You have more employees, you have an increasing number of intellectual property rights to protect and you have to cope with an increase in work in progress. Is the business infrastructure suitable and are your legal documents sufficient to cope with this growth?
Some of the key areas you may need to consider are:
- Employment – do you need to revise your standard employment contract? Are your staff handbook and employment procedures adequate? Are there any possible TUPE implications for new contracts acquired from a competitor? Have you facilitated access to a stakeholder pension scheme to your employees?
- Intellectual Property Rights (IPR) – have you registered the business brand as a trade mark? Do you own the rights to your website? Are confidentiality agreements in place for large contract tenders? Do you use materials in your business that have been created by others?

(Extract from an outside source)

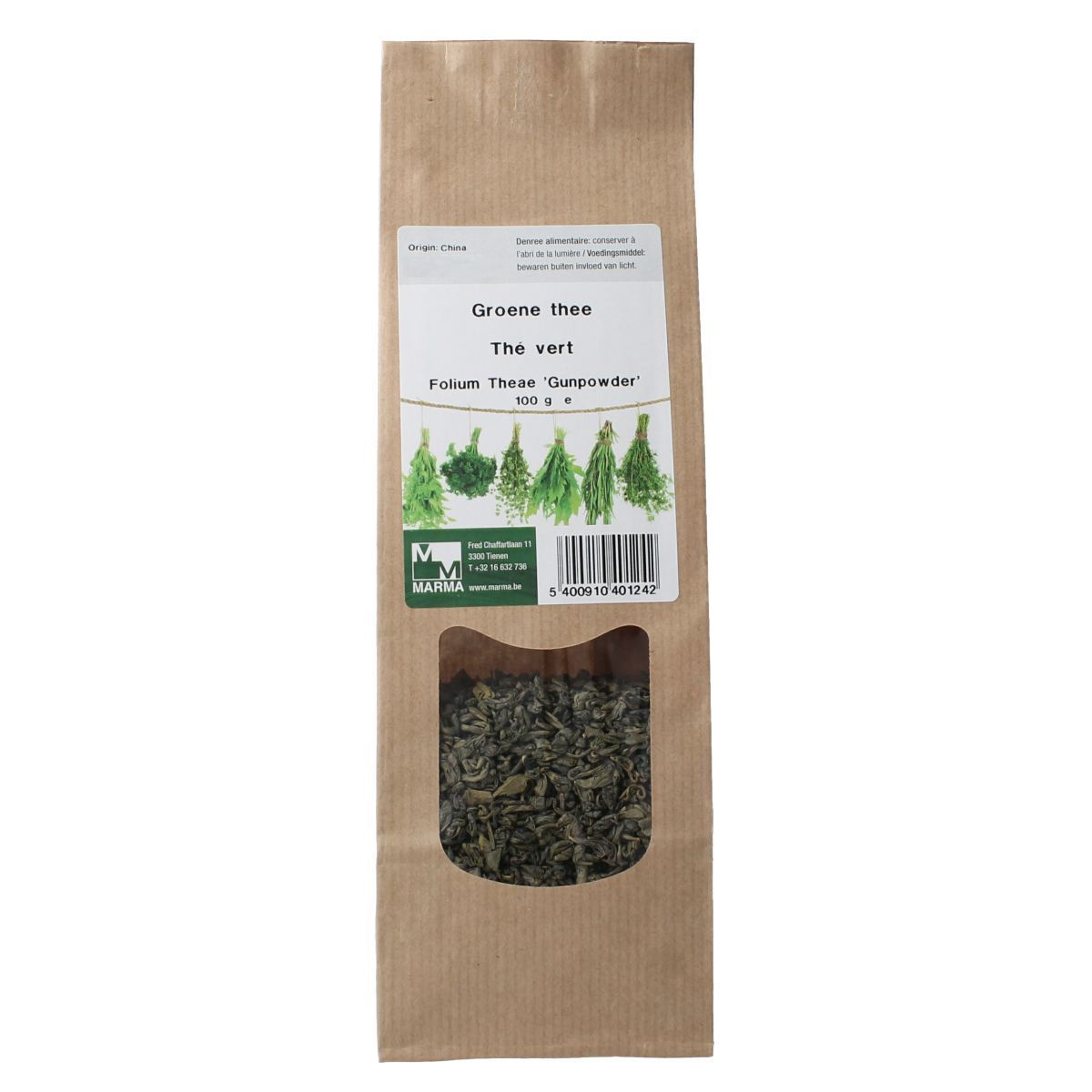 Marma Groene thee 100 gram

- Litigation – do you have any claims against your business? Are you making any claims against suppliers? Are any clients late on making their payments and require debt collection actions?
- Management matters – do you have the necessary steps in place to protect the business should a key manager be unavailable through absence, ill health or death? It may be suitable to put in place life insurance policies and powers of attorney to minimise business disruption. Are your existing restrictive covenants applying to key managers still sufficient?

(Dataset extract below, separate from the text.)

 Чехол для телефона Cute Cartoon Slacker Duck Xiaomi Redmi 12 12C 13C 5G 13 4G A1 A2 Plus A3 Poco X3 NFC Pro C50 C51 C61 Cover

- Property – does the business need to relocate to be able to satisfy projected sales? Will the existing lease/licence allow the business to vacate its existing premises?

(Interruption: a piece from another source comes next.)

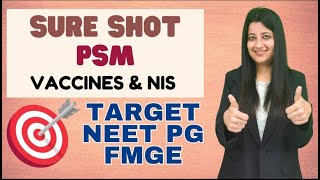 PSM SURE SHOT FOR NEETPG amp FMGEVaccines amp National Immunization Schedule neetpg fmge inicet [upl. by Claud]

- Business activity – are existing agreements still suitable for the operation of your business? Is there a need for the business to engage agents and distributors? Is the business operating internationally and do the terms in contracts reflect this?
- Further investment – the business may need a capital injection to aid expansion and to meet business demands. See Further investment for more details.
The review and management of internal procedures can help with many of these issues. In particular, good credit control mechanics may help your business avoid the need for debt collection (for example, monies in advance of delivery of goods or services). However, some of these matters will require external guidance and you need to make sure that you have a clear picture of the direction of the business to help you achieve effective advice that remains relevant for the future.